I’m a conservative, but I do believe in legalization of drugs. We lost the war on drugs 40 years ago and have been paying the salaries of thousands of DEA agents and other law enforcement agencies for perpetuating that disastrous lost war. Legalize and let God sort it out in the end.

    I hope that you hold that same opinion as you stand beside the grave of a loved one who was killed by someone under the influence of recreational chemicals. It is amazing how many people change their minds about legalizing recreational chemicals when they find themselves in that position.

      GiveMeFreedom in reply to Mac45. | October 1, 2017 at 12:25 am

      Uber has done more to reduce the danger of people using recreational drugs than government prohibition ever has.

I do not condone the use of drugs as means of altering the mental state for recreational purposes. Nor do I want to see such legalized.

There is however something to be thought about using mind altering-drugs well for mind-altering.

Kary Mullis, for example, believes that taking LSD helped him win a Nobel Prize in medicine. Which seems to be a good result. OTOH it also seems like cheating in the same way that athletes taking anabolic steroids is cheating.
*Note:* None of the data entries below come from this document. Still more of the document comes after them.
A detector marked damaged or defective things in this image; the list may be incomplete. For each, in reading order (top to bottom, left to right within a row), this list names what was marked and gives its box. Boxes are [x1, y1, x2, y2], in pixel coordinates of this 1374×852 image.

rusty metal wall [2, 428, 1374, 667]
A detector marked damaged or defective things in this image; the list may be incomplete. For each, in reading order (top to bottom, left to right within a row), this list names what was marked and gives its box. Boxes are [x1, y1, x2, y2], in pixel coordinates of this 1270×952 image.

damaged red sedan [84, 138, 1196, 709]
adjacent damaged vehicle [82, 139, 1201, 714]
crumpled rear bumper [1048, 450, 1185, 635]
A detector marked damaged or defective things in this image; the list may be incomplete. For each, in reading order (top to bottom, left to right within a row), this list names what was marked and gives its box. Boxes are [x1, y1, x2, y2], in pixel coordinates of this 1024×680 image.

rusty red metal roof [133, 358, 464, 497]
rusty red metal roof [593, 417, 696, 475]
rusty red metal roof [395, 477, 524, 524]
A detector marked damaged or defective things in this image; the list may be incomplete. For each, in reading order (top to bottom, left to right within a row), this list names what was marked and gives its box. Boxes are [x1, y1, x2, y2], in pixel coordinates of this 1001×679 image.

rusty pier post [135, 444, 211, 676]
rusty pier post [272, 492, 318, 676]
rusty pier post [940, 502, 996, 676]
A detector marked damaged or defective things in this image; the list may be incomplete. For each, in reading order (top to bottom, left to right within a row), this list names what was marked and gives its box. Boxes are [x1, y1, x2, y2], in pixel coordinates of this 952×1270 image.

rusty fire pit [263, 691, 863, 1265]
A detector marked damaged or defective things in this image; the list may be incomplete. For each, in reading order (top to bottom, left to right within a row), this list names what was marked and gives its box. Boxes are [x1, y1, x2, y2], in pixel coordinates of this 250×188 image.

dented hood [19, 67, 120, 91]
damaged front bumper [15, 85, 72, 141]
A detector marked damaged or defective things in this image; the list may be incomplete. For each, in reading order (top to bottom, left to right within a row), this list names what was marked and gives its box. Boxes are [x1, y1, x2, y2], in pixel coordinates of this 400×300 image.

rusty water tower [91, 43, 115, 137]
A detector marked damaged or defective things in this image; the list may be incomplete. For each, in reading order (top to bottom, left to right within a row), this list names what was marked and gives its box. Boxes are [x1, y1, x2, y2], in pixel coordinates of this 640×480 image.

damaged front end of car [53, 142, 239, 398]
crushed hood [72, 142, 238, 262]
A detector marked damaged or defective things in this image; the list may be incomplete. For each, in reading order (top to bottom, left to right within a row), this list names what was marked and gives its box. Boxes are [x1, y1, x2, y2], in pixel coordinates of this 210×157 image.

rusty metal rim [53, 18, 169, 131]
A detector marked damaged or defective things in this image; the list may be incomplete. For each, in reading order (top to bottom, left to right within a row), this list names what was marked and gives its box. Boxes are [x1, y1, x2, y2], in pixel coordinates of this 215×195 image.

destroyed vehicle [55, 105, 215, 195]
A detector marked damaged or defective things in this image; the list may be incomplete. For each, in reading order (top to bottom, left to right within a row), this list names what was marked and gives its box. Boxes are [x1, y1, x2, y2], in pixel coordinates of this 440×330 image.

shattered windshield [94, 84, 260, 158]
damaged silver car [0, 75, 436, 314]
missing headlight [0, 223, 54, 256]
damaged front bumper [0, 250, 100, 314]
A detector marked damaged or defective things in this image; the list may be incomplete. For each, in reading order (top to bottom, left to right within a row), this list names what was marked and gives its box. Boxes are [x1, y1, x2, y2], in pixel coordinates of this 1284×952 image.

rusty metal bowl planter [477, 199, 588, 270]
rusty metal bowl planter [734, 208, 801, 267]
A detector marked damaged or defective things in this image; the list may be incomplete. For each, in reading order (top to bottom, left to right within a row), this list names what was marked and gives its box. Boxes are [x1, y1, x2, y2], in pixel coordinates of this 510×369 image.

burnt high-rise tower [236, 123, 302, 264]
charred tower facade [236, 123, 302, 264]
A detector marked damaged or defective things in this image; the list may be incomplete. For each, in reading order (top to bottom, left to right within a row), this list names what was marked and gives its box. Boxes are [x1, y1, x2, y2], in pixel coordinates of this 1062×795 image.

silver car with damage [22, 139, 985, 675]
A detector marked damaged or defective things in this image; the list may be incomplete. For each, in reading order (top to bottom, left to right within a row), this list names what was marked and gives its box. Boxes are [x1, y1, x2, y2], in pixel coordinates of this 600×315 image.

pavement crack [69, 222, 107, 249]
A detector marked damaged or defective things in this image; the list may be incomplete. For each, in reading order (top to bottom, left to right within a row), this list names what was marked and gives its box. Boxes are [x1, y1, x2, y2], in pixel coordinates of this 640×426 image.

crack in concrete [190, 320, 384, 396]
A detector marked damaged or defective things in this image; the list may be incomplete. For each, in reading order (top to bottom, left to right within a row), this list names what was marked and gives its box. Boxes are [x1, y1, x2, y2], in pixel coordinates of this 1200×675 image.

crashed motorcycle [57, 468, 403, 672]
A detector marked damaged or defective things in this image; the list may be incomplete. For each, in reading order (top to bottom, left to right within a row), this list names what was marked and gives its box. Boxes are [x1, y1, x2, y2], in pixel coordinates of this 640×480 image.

A couple of Jordan Peterson videos on the use of psychedelic drugs:
https://www.youtube.com/watch?v=_dPvsqTvLNw
https://www.youtube.com/watch?v=Gol5sPM073k
in another video which I could not locate he says that researches found that often one dose of psilocybin was enough to get people to stop smoking.

Research into these drugs should be encouraged.

But I think this drugs come with a high risk. Certainly we should not allow their use the way Californians want. I think their use should be limited and under the strict supervision of medical professionals.

Can one of you name a prohibition that worked and didn’t create a black market that funded much worse things than the prohibition was meant to stop?

conservative tarheel | September 30, 2017 at 9:01 am

if you lived in a place where the govt controlled all parts
of your life. you would do whatever it took to escape.